--- START ---
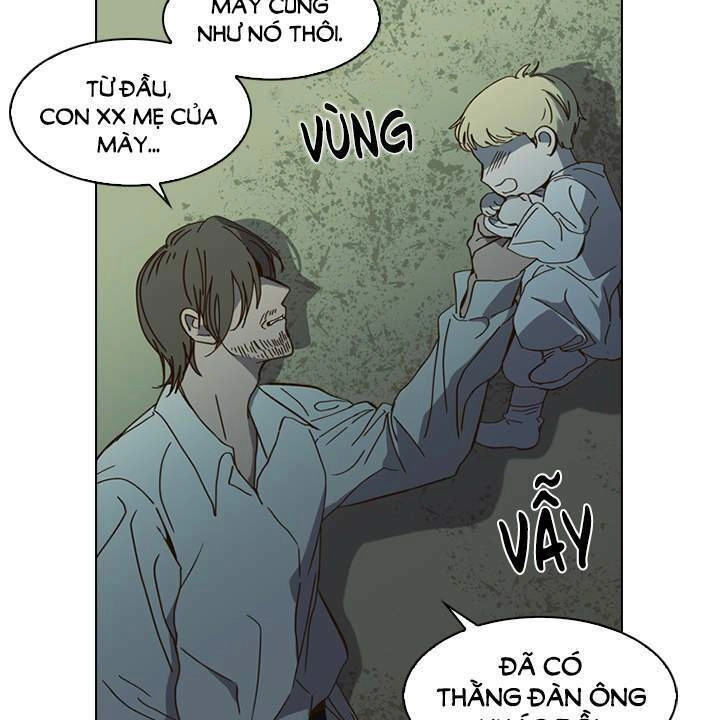 Vị Cứu Tinh Của Nhân Vật Phản Diện Chapter 1 - 20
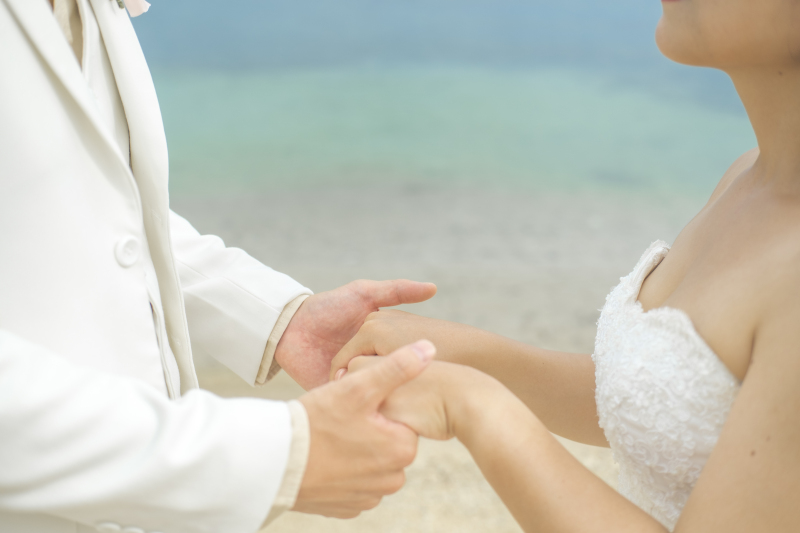 手を取り合って、これからも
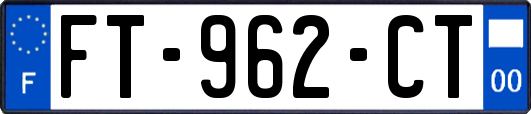 FT-962-CT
--- END ---
WHAT TO DO:
Here the job is to print the data above exactly, except for any pictures.

EXPECTED OUTPUT:
 Vị Cứu Tinh Của Nhân Vật Phản Diện Chapter 1 - 20
 手を取り合って、これからも
 FT-962-CT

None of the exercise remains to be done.